Our hosts passed around graham crackers and chocolate pieces to sandwich our fire-charred marshmallows. Americana on the beach. This simple dessert remains a classic – hot, melty sweet chocolatey marshmallow cookie goodness, homemade on a real fire. But beware of incoming enflamed marshmallow scud missiles! One grape juice-filled guest quickly lifted his marshmallow from the fire pit only to see it pull away from the wooden spear, like a space module disengaging from the mother ship. This marshmallow was now air borne, landing on the hapless writer; my favorite shirt was now a smoldering marshmallow mess! Be careful!

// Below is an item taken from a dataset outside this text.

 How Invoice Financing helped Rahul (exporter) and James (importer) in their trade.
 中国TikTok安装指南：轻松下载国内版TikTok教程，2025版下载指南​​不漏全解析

The local police arrived soon after, not to arrest the Marshmallow Warrior, but to meet and record the responsible party for the event. Be aware; the Towns and Villages thankfully take beach parties and fires seriously. Large gatherings require a permit. Beach fires must be contained in a metal container at a safe distance from grasses and structures. All fires must be extinguished and removed before leaving. Check your Town and Village websites for complete regulations. Metal containers can be purchased from your local hardware store.Extinguishing our fire was not a problem. Hurricane Arthur had finally arrived and snuffed out our bonfire, along with a few buckets of sea water. But Arthur stayed at bay long enough for us to enjoy the evening, the East End’s natural beauty, each other and the fire’s warmth gently toasting our sandy toes. We grabbed our provisions and rushed to our cars. We were all Hamptons Hunters retreating to our East End caves.